Work task: What is needed is a word-for-word copy of the listing below, without pictures.

Data:
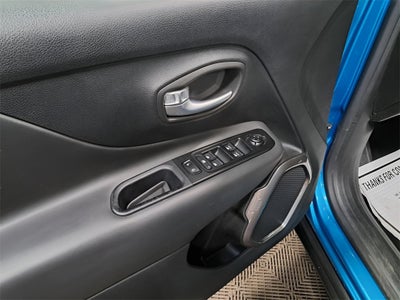 2020 Jeep Renegade Limited Heated Steering Wheel Panoramic Sunroof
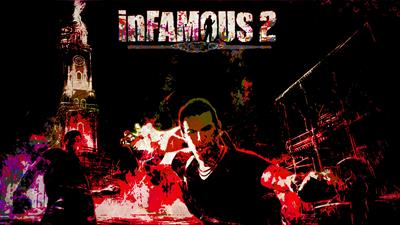 Infamous 2 - Fanart - Background Image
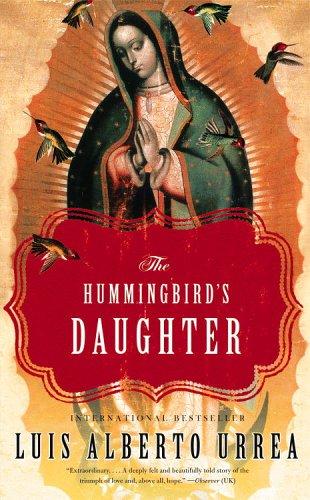 Cover of The Hummingbird's Daughter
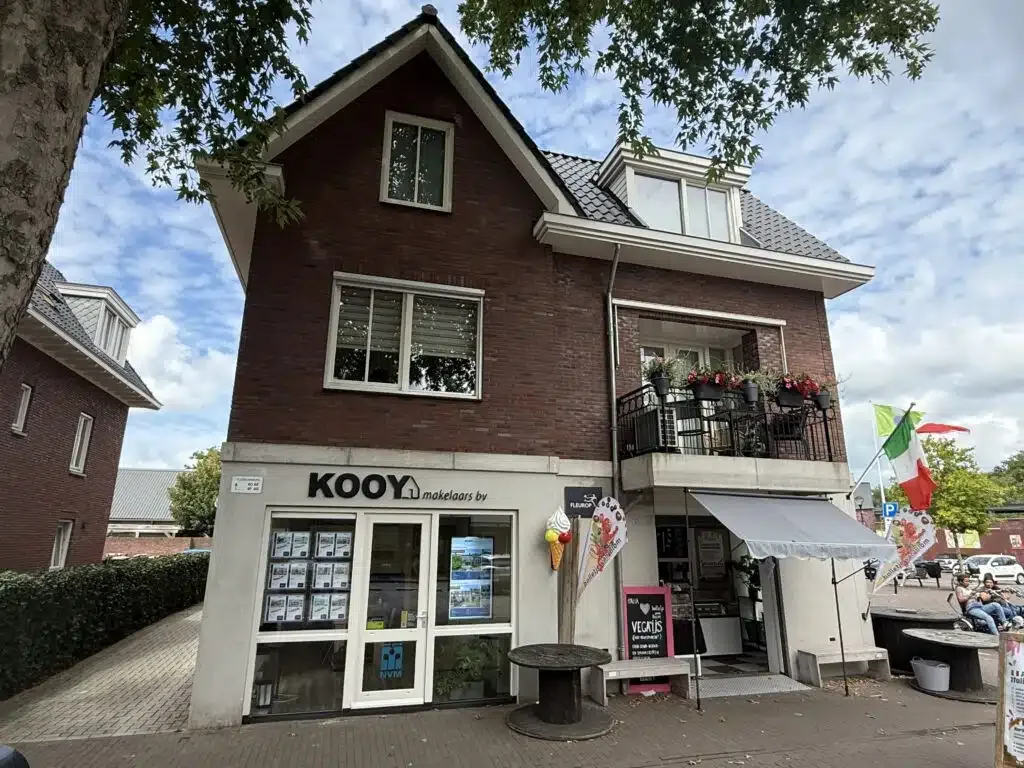 Team foto van Kooy Makelaars B.V.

Reply:
 2020 Jeep Renegade Limited Heated Steering Wheel Panoramic Sunroof
 Infamous 2 - Fanart - Background Image
 Cover of The Hummingbird's Daughter
 Team foto van Kooy Makelaars B.V.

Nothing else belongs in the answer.